* **TASK REQUIREMENTS**: I need the lines below from the one with "3x Picture frames 40x60cm" down to the one with "正品EBD3VET002-240开2024秋款针织衫背心超" reproduced exactly, both ends included, and nothing else.

* **SUPPLIED INFORMATION**:
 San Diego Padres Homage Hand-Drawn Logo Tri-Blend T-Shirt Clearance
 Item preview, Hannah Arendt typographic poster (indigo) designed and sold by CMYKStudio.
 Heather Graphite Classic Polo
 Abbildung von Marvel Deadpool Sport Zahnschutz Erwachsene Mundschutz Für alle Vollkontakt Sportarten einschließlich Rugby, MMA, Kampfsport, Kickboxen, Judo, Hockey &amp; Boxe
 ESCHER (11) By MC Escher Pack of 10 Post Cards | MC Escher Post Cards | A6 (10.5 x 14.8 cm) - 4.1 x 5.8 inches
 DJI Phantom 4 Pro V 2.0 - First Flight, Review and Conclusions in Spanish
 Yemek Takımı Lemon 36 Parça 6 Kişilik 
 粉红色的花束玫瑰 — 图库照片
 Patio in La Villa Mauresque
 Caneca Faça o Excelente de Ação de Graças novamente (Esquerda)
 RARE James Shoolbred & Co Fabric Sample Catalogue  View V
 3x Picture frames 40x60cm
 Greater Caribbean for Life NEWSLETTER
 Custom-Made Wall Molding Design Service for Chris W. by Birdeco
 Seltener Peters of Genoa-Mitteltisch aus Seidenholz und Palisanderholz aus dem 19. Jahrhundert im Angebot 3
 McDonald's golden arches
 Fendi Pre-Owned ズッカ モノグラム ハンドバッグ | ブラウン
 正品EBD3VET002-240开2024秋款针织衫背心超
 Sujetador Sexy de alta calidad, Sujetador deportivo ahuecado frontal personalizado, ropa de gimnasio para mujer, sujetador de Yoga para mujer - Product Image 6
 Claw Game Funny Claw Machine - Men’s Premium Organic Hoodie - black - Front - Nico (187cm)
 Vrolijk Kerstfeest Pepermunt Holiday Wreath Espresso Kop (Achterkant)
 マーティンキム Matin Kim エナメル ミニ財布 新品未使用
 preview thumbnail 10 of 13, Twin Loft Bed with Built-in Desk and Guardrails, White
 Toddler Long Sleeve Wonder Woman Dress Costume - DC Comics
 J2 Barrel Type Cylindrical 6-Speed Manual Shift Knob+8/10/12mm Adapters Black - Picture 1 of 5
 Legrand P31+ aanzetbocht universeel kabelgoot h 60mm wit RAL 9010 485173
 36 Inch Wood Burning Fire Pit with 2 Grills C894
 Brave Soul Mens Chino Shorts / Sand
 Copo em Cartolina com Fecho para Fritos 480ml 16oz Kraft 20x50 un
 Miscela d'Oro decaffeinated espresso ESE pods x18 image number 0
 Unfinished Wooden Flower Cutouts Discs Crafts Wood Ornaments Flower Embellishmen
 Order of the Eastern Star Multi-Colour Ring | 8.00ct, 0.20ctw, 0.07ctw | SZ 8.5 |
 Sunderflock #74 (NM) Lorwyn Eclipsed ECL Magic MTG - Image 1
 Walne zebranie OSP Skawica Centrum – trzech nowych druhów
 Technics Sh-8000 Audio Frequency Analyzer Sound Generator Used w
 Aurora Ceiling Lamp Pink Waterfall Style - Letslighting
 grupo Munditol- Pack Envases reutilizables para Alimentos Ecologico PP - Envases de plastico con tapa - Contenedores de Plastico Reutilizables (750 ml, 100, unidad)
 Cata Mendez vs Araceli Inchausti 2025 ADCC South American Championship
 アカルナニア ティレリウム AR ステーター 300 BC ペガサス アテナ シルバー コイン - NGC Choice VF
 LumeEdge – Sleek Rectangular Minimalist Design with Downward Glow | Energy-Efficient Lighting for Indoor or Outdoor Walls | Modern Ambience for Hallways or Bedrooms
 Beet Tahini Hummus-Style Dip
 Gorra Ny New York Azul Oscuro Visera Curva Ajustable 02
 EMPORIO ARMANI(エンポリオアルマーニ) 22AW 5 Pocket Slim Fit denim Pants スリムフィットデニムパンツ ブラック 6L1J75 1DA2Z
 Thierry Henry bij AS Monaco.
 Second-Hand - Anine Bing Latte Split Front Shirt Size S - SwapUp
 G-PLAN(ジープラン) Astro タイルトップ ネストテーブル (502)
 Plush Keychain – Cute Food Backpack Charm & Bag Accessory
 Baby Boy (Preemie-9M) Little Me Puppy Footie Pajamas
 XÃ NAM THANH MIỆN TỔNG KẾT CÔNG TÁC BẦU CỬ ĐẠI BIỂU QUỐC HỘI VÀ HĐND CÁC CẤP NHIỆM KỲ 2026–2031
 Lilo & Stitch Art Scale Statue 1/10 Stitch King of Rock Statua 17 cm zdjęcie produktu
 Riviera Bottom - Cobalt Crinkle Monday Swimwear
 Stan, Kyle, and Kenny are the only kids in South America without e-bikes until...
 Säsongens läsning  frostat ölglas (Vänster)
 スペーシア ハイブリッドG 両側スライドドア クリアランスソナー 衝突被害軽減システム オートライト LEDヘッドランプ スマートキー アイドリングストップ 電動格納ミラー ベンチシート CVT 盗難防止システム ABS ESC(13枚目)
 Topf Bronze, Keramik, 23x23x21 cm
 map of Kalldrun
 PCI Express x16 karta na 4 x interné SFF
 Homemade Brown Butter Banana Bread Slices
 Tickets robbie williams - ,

* **WRITTEN SOLUTION**:
 3x Picture frames 40x60cm
 Greater Caribbean for Life NEWSLETTER
 Custom-Made Wall Molding Design Service for Chris W. by Birdeco
 Seltener Peters of Genoa-Mitteltisch aus Seidenholz und Palisanderholz aus dem 19. Jahrhundert im Angebot 3
 McDonald's golden arches
 Fendi Pre-Owned ズッカ モノグラム ハンドバッグ | ブラウン
 正品EBD3VET002-240开2024秋款针织衫背心超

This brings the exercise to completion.